▶ **The problem**
For the material below, reproduce exactly each line from the one that has "Sensational UD17 in" through the one that has "This includes cursor", and no others; pictures stay out.

▶ **Records provided**
^^^^^^^^^^^^^^^^

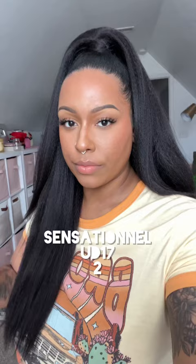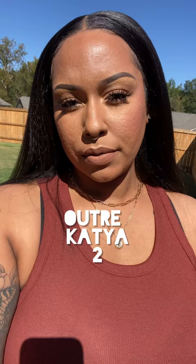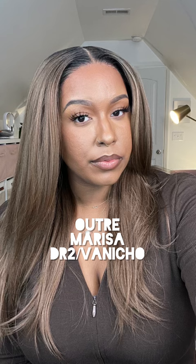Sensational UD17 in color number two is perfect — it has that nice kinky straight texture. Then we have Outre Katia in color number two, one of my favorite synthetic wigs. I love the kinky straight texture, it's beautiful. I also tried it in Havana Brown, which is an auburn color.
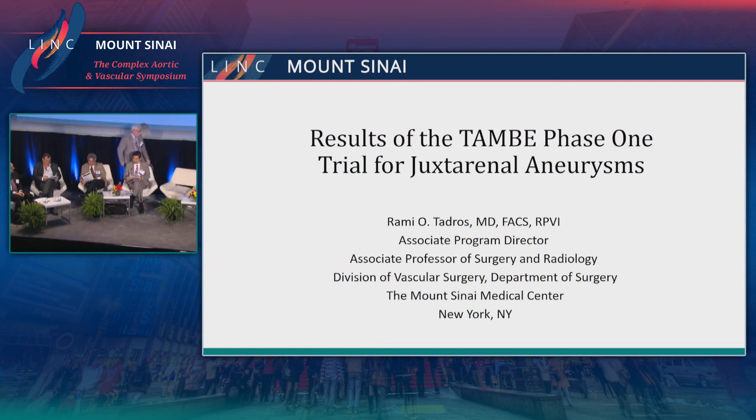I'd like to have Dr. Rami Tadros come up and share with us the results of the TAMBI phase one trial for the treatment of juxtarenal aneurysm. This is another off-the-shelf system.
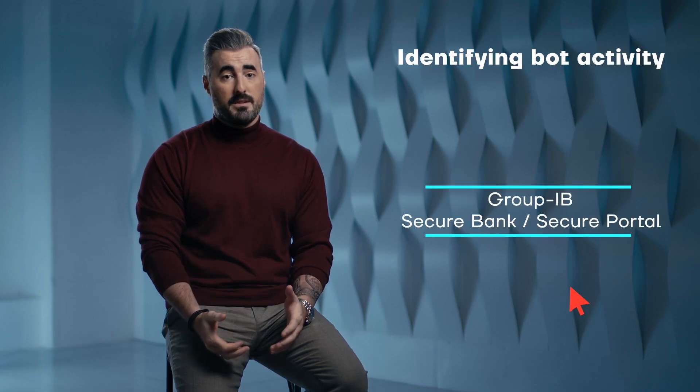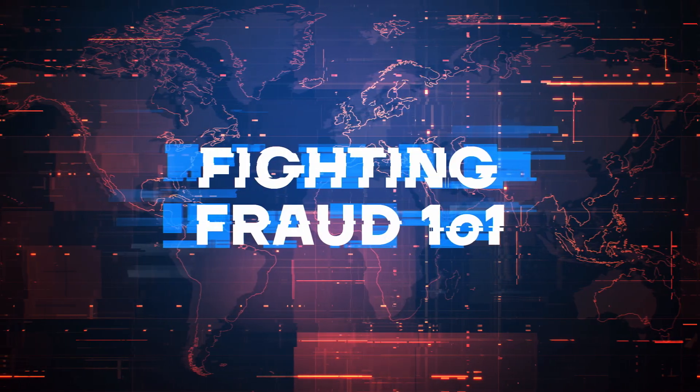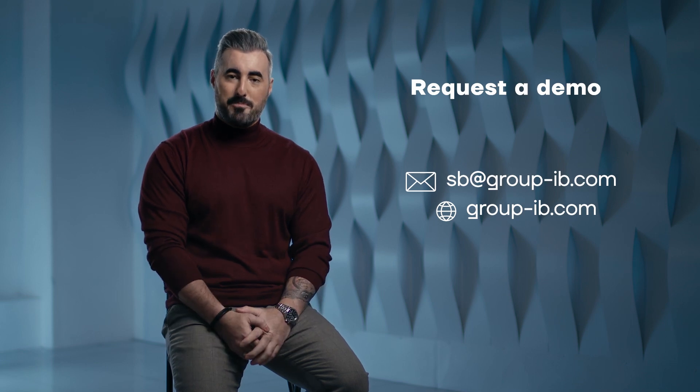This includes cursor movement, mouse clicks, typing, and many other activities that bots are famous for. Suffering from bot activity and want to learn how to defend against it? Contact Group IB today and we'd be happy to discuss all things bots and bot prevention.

^^^^^^^^^^^^^^^^

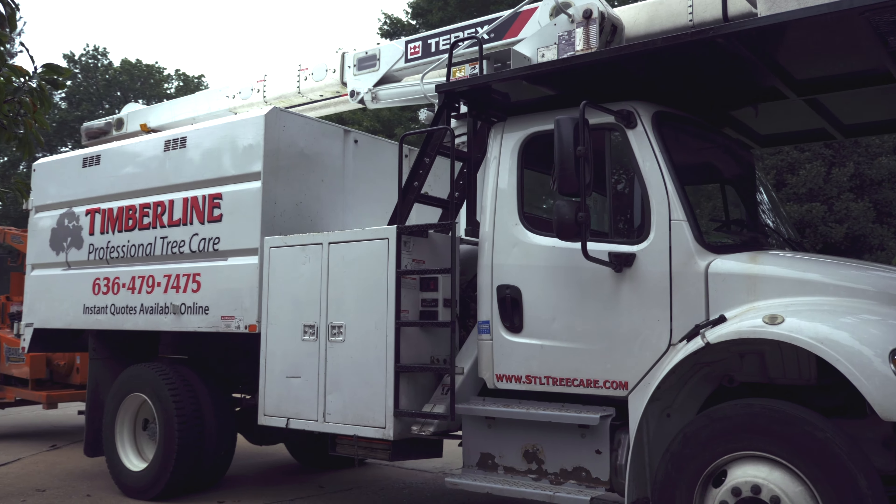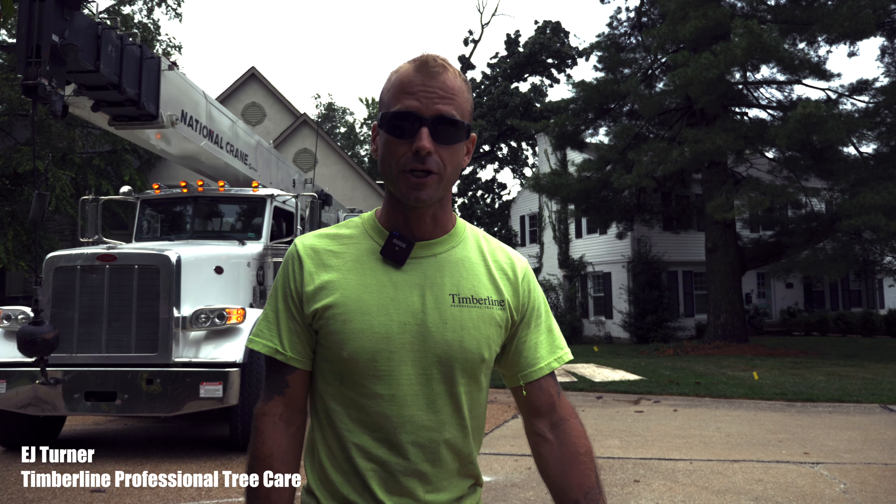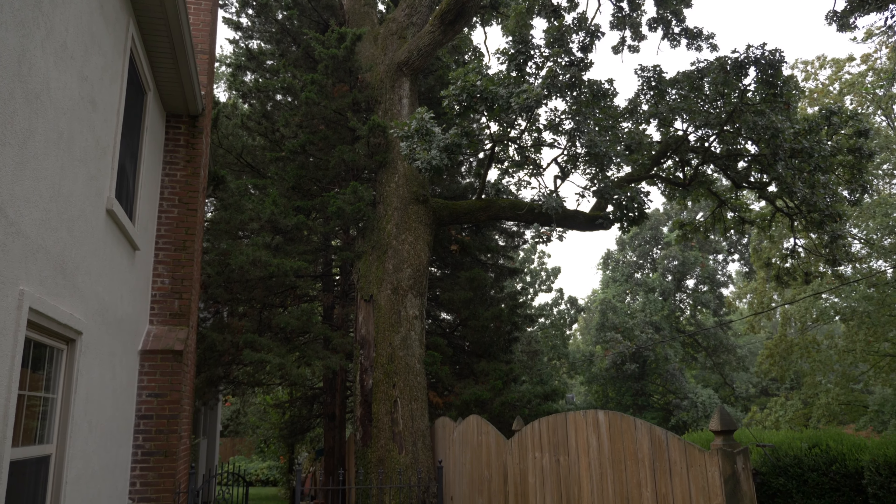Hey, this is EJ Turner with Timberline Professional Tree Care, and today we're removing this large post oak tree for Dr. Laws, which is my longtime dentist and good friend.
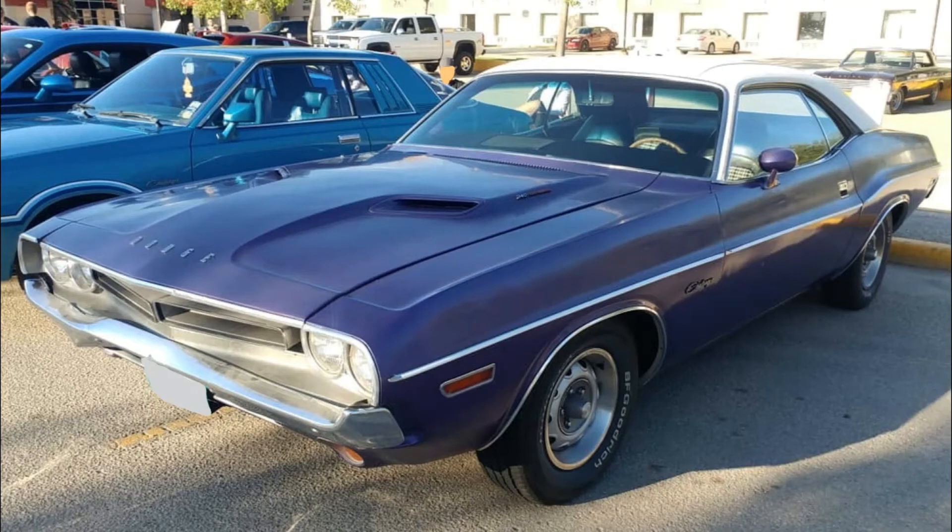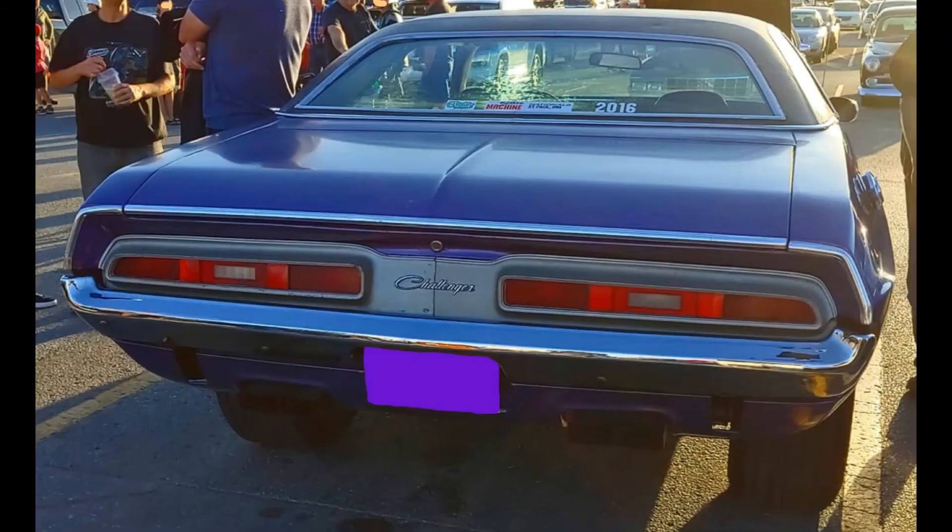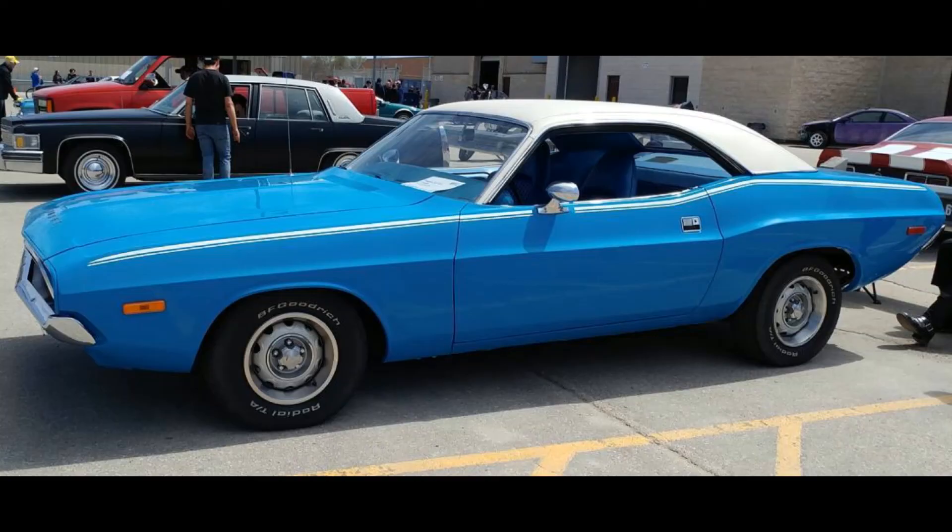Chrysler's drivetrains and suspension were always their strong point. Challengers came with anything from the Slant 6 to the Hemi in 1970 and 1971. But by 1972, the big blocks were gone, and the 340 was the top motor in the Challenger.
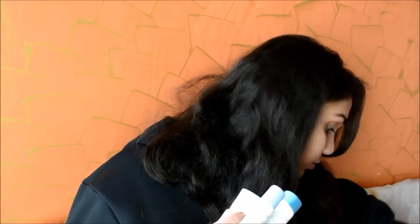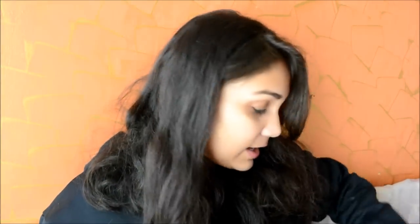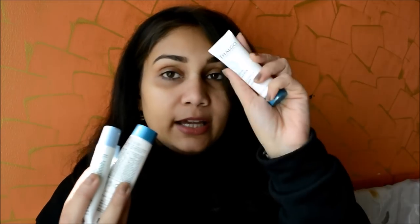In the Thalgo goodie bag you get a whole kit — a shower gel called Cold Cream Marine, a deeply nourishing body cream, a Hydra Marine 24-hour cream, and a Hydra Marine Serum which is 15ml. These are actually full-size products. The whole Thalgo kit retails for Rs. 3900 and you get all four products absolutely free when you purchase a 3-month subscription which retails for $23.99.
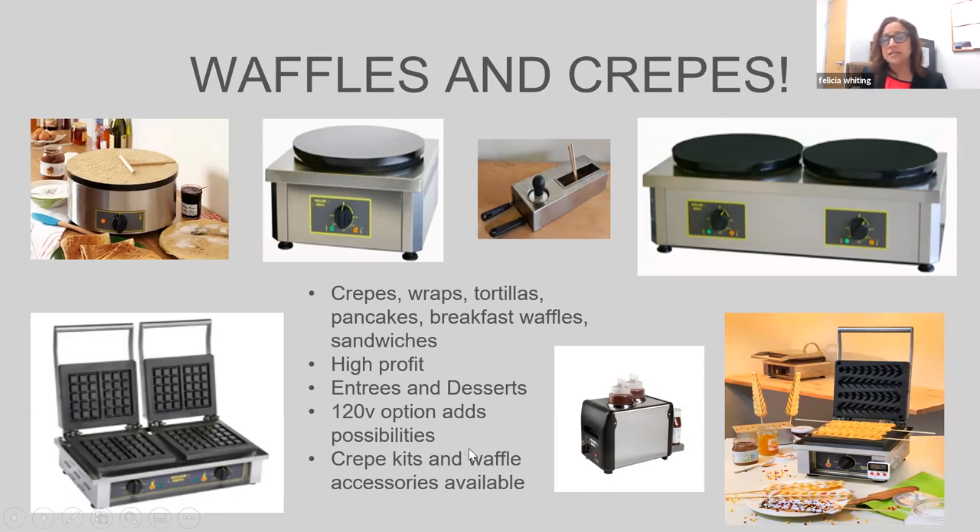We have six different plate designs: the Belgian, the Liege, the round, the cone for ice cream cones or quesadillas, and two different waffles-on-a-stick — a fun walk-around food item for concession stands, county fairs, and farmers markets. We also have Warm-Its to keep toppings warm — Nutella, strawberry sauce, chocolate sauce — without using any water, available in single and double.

^^^^^^^^^^^^^^^^

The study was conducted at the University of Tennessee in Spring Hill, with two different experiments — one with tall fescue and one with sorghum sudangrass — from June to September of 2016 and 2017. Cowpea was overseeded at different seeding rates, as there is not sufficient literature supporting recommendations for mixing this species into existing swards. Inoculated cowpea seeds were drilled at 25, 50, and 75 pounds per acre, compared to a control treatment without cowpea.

^^^^^^^^^^^^^^^^

▶ **Written solution**
Sensational UD17 in color number two is perfect — it has that nice kinky straight texture. Then we have Outre Katia in color number two, one of my favorite synthetic wigs. I love the kinky straight texture, it's beautiful. I also tried it in Havana Brown, which is an auburn color.
I'd like to have Dr. Rami Tadros come up and share with us the results of the TAMBI phase one trial for the treatment of juxtarenal aneurysm. This is another off-the-shelf system.
This includes cursor movement, mouse clicks, typing, and many other activities that bots are famous for. Suffering from bot activity and want to learn how to defend against it? Contact Group IB today and we'd be happy to discuss all things bots and bot prevention.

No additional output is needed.